• **TASK GOAL**
Repeat word for word the lines starting at the one with "3Pcs Glass Tea" and ending at the final line of the material, both ends included; omit pictures.

--- PROVIDED DATA ---

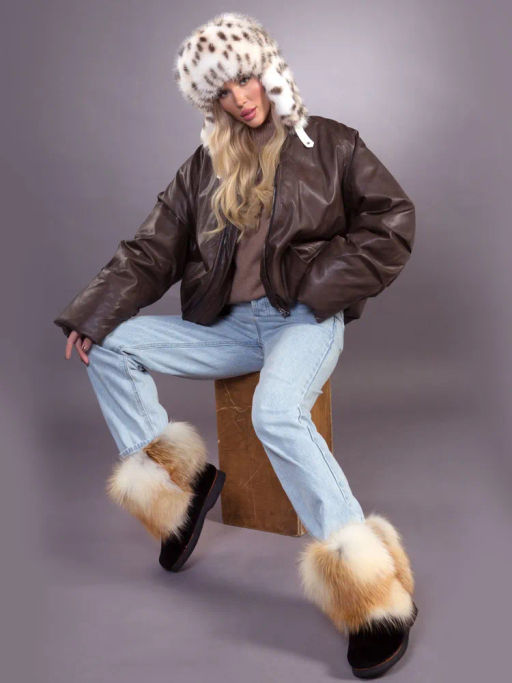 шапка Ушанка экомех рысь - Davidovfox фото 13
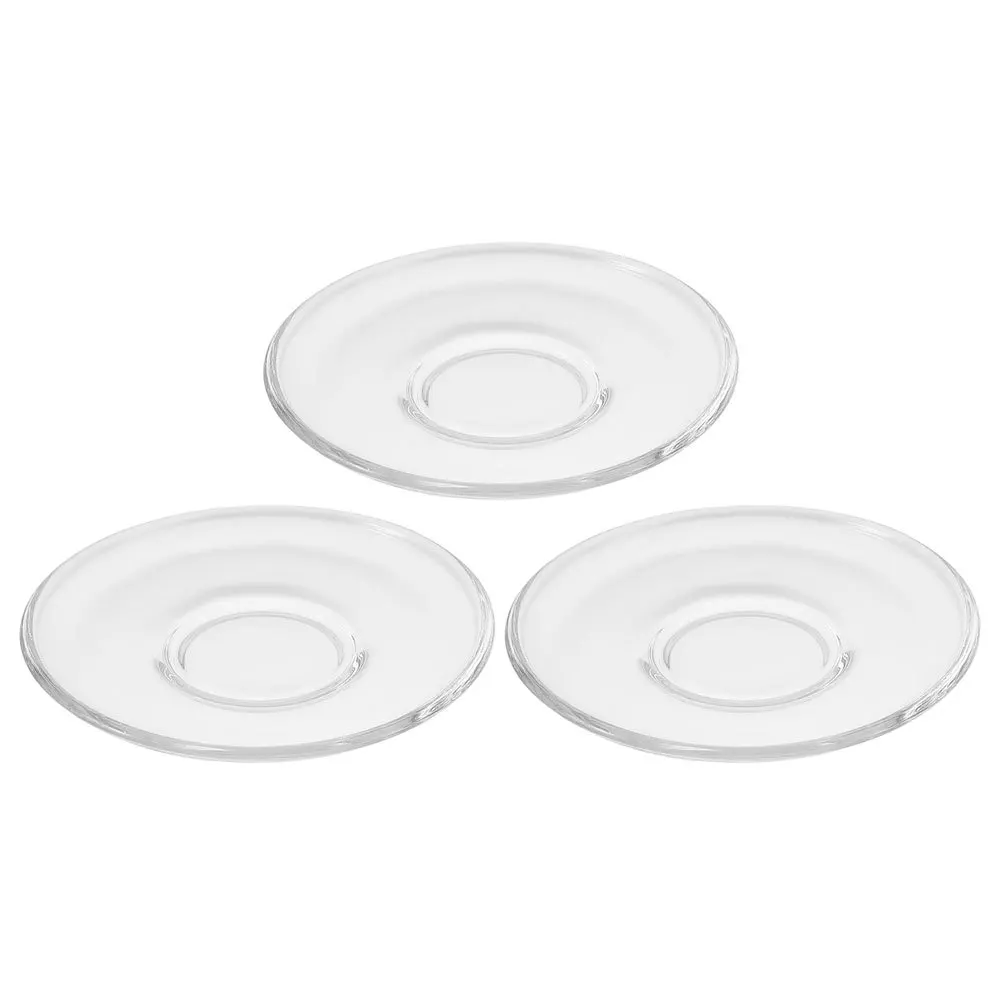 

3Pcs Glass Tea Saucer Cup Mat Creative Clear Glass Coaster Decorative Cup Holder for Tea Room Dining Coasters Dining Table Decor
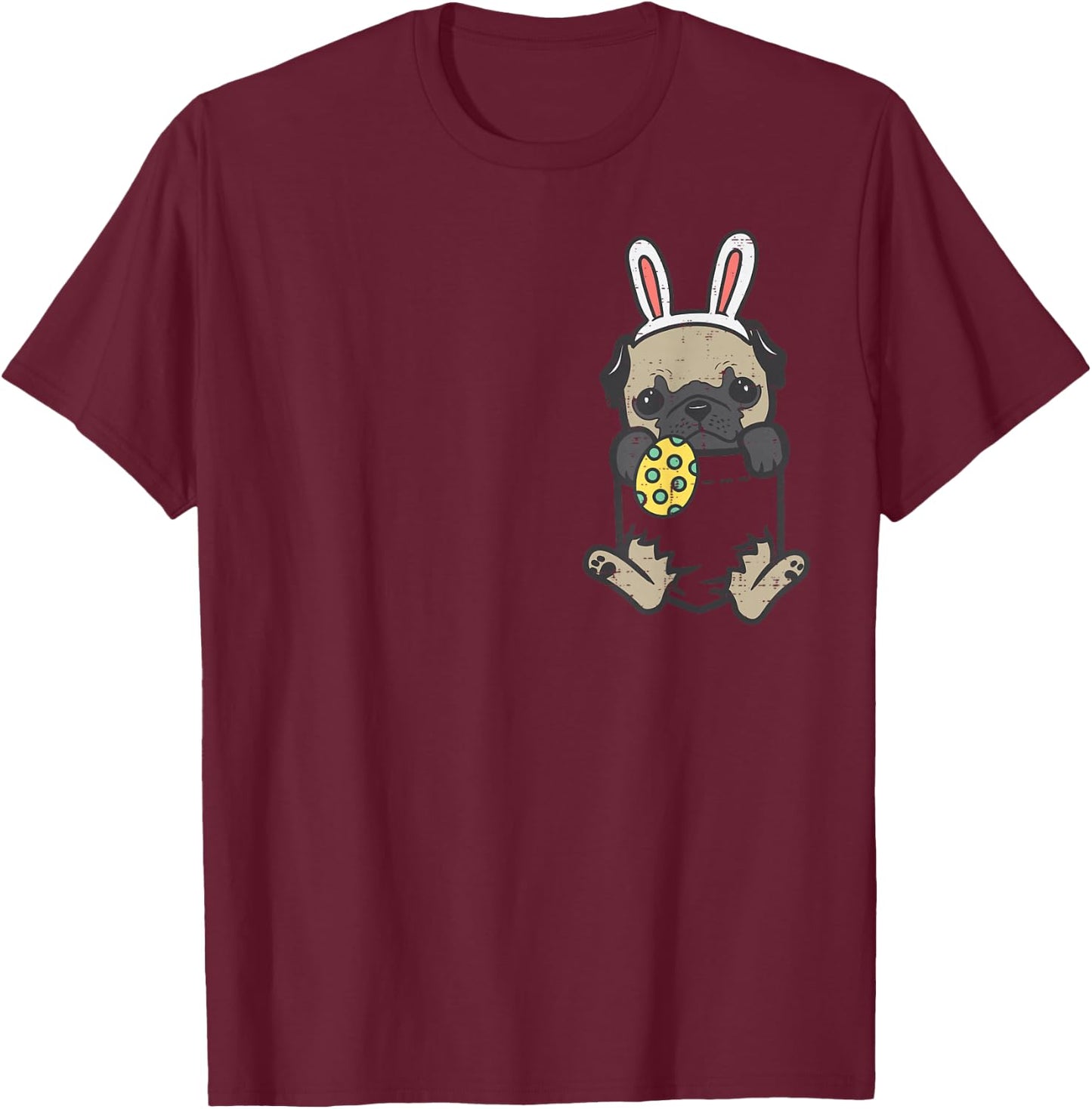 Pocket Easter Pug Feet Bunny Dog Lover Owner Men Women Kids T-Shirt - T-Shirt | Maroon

---

• **ANSWER SPACE**
3Pcs Glass Tea Saucer Cup Mat Creative Clear Glass Coaster Decorative Cup Holder for Tea Room Dining Coasters Dining Table Decor
 Pocket Easter Pug Feet Bunny Dog Lover Owner Men Women Kids T-Shirt - T-Shirt | Maroon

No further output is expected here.